Deuda, soledad y el inhóspito escenario de las llanuras de un Estados Unidos que se percibe tan actual como anacrónico son el lienzo sobre el cual la novel directora Marian Mathias confecciona la sencilla historia de una joven forzada a tomar las riendas de un mundo adulto que desconoce y del cual su única referencia es su padre, un Don Nadie que la llena de deudas al instante en que su corazón deja de latir.
Con la muerte de su padre a cuestas y el peso del escrutinio público juzgando su ausencia en el fatídico momento que cambiaría su vida, Haas debe transportar el cuerpo hasta Illinois, donde el clima parece estar enviando un claro mensaje de rechazo. Si no es la resequedad del cementerio un día, es una inundación el siguiente.
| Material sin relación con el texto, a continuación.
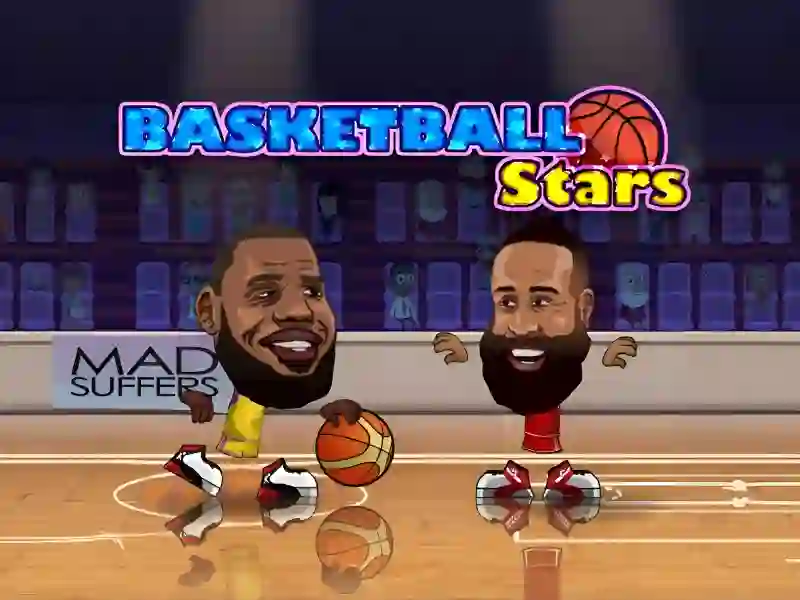 Spill Basketball stars online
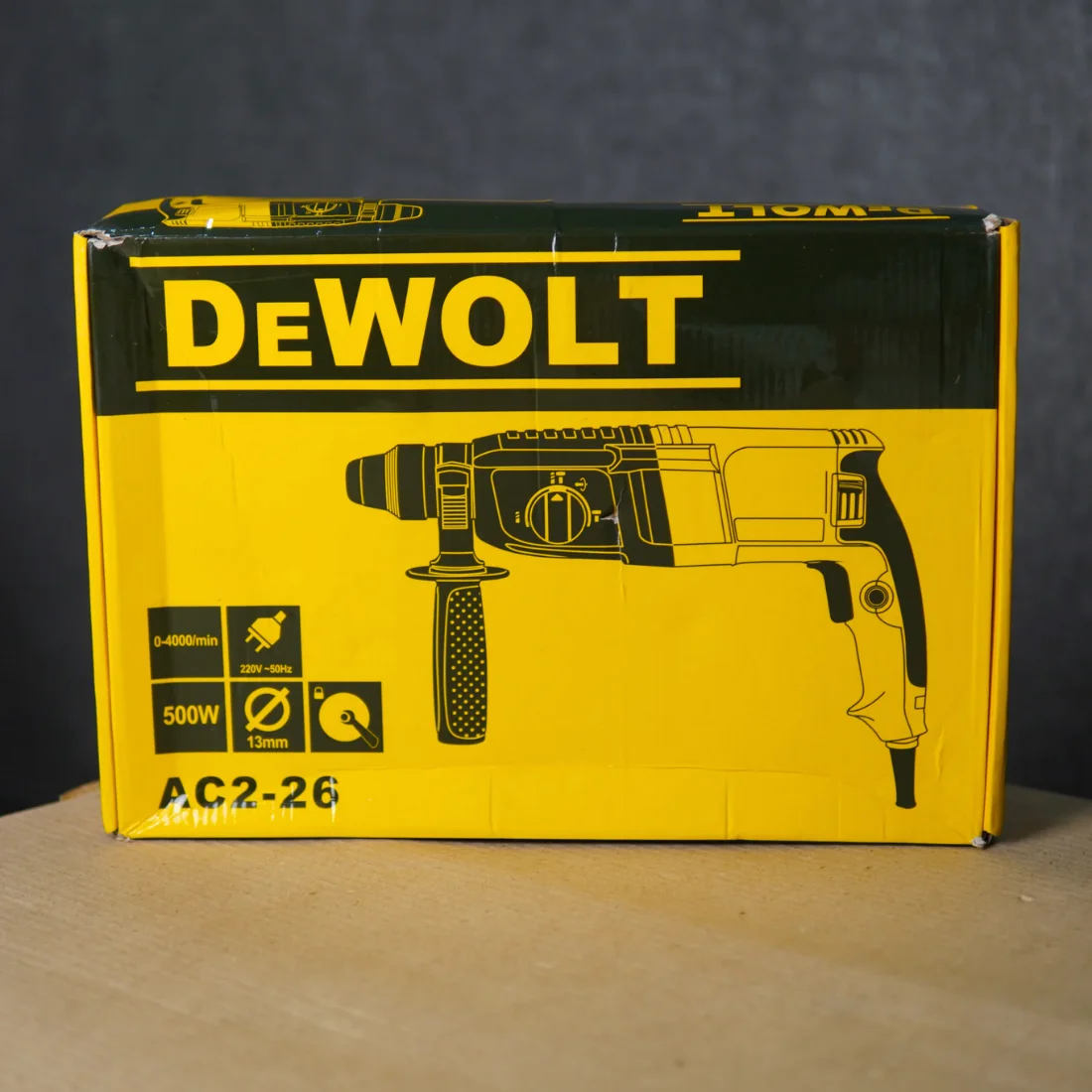DEWALT 26mm Heavy-Duty Electric Drill Machine with Impact Function - Image 3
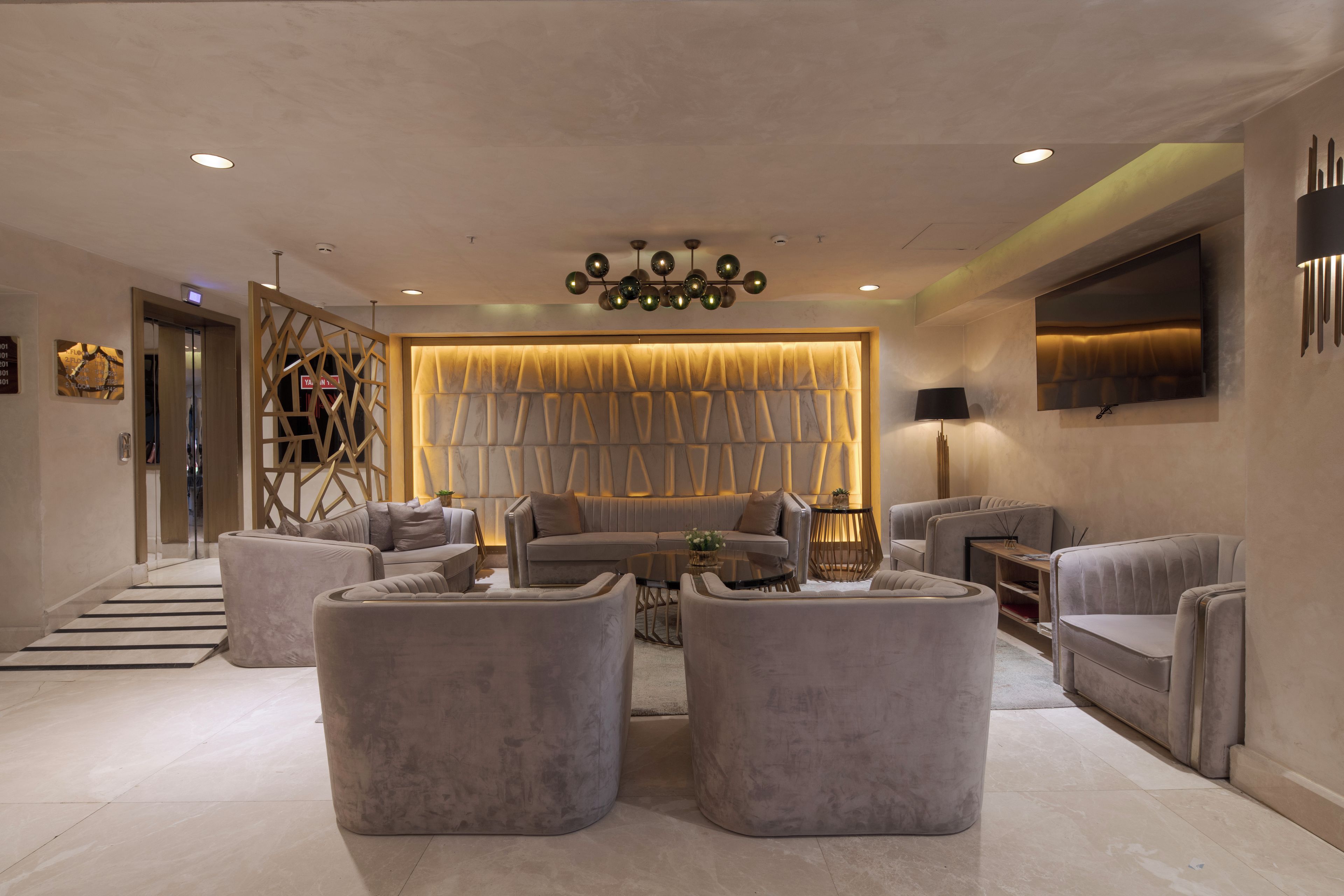 Lounge lobi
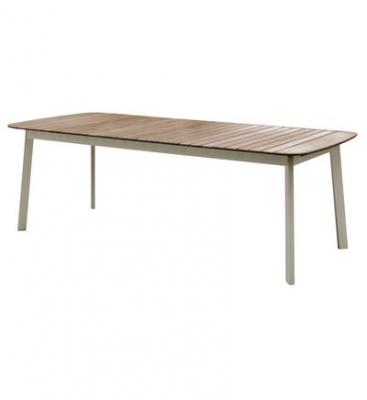 EMU  - Shine Outdoor Table 225 x 100 cm, teck / taupe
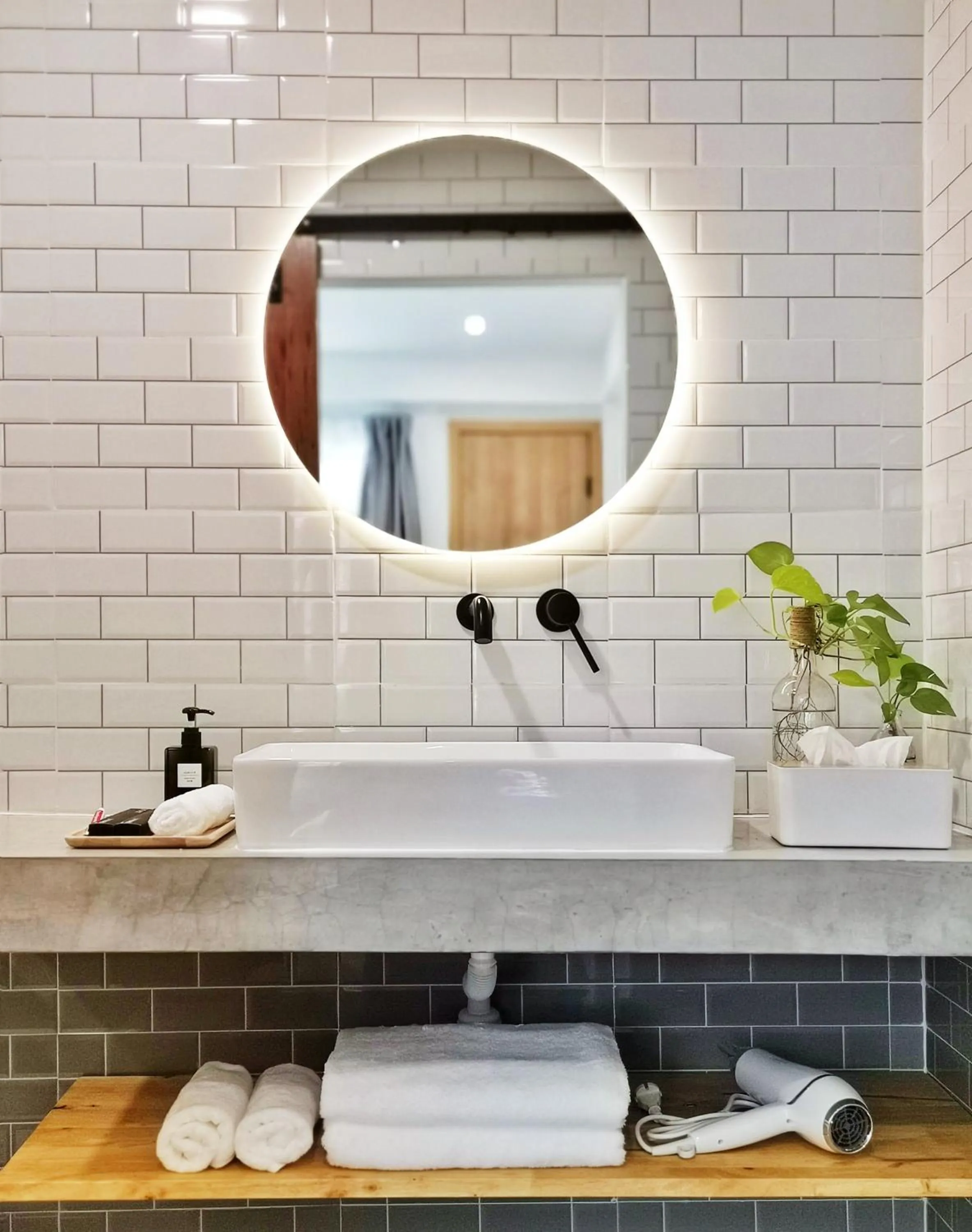 Bathroom in Hotel AONO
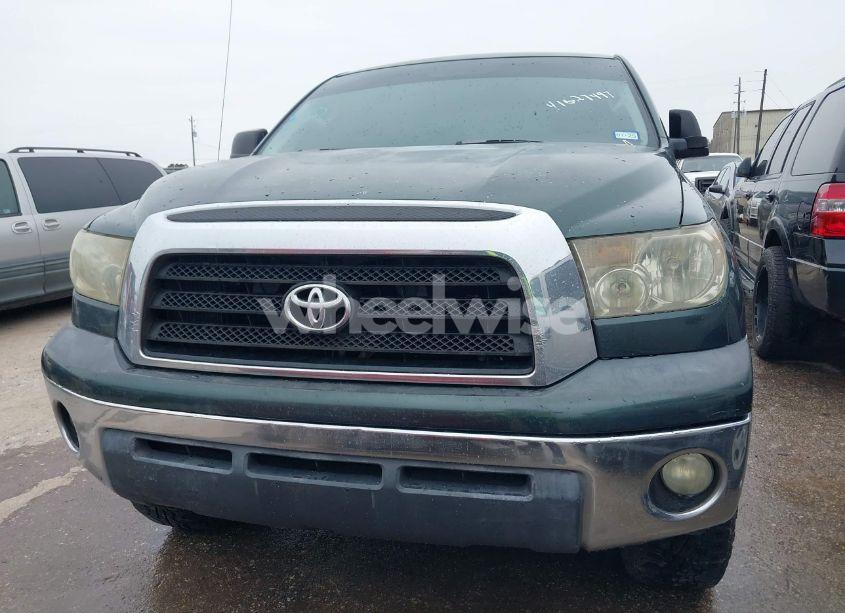 Photo 6 of 2008 Toyota Tundra SR5 5.7L V8 (VIN 5TFEV54138X047761)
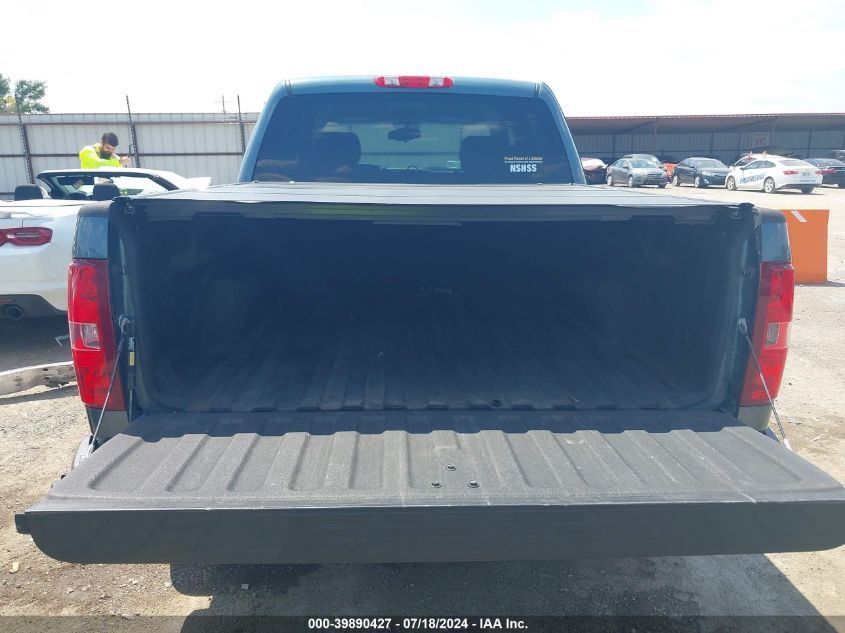 2012 Chevrolet Silverado 1500 Ls VIN: 3GCPCREA3CG154830 Lot: 39890427
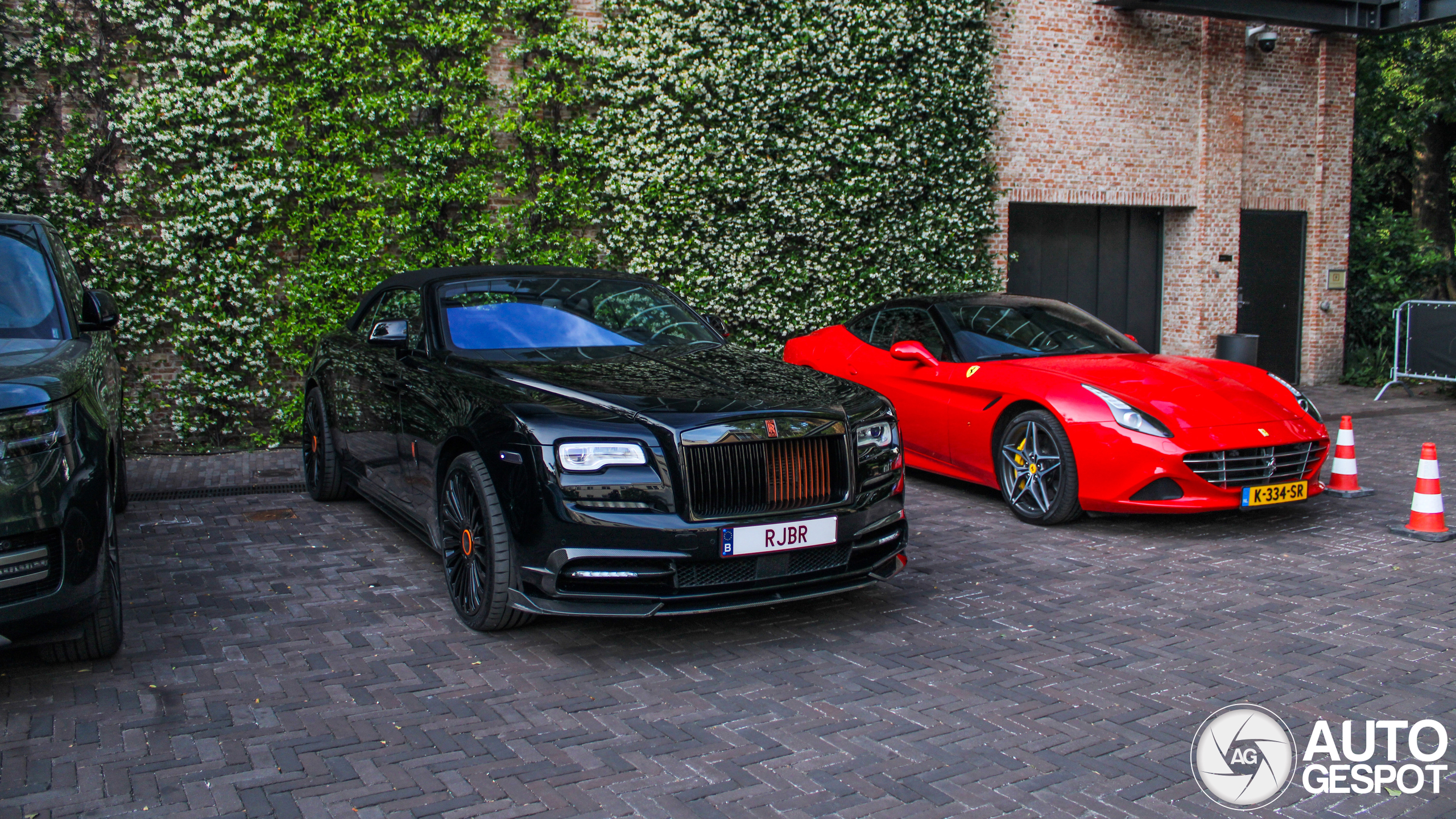 Rolls-Royce Dawn Black Badge Mansory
La vida de Haas, apenas consecuencia de la crueldad universal, cobra un nuevo significado con la aparición de Will, un joven nómada con aspiraciones de marino. Él también es de pocas palabras, pero bajo la dirección de Mathias son los elementos más discretos los que logran sugerir el cambio. De repente los trayectos solitarios y a pie se convierten en paseos de bicicleta con buena compañía. Los planos abiertos de escenarios hostiles se van cerrando y detallando hasta tornarse íntimos, como si la rispidez del ambiente se empezara a tornar irrelevante.
Runner sorprende por la madurez y el rigor de Marian Mathias, su directora, pero también por sus actuaciones, particularmente la de Hannah Schiller como Haas. Ambas, actriz y personaje, atraviesan sin aparentes tropiezos la difícil misión que se les impone, cada una con motivaciones muy distantes y muy distintas, pero no por ello menos complejas.
Sumado al de dirección y el de sus actrices, el trabajo detrás de la cámara a cargo de Jomo Fray -frecuente colaborador de Mathias- es determinante para entender el entorno que habitan sus personajes. Cada cuadro evoca las pinturas de Norman Rockwell, Gustave Caillebotte o Jean-François Millet, pero principalmente de Edward Hopper -la casa en la que muere el padre de Haas podría ser la protagonista de “La casa junto a las vías del tren” (Hopper, 1925)-.
Estos símiles no son una coincidencia. El país que retrata Mathias es uno lleno de desesperanza, articulado por una fantasía económica que contrasta con el realismo de lo rural, en el que sus habitantes anhelan muertos en vida un futuro mejor que quizá nunca llegará o que, como es el caso de Runner y el padre de Haas, solo puede mejorar con el último latido de un corazón roto.